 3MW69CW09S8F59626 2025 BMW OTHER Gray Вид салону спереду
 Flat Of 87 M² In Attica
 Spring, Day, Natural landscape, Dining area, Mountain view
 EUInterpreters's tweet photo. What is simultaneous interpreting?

◆ ◆ ◆ ◆ ◆

» Task description: Repeat the material in full. Nothing may differ.

» Response area:
 3MW69CW09S8F59626 2025 BMW OTHER Gray Вид салону спереду
 Flat Of 87 M² In Attica
 Spring, Day, Natural landscape, Dining area, Mountain view
 EUInterpreters's tweet photo. What is simultaneous interpreting?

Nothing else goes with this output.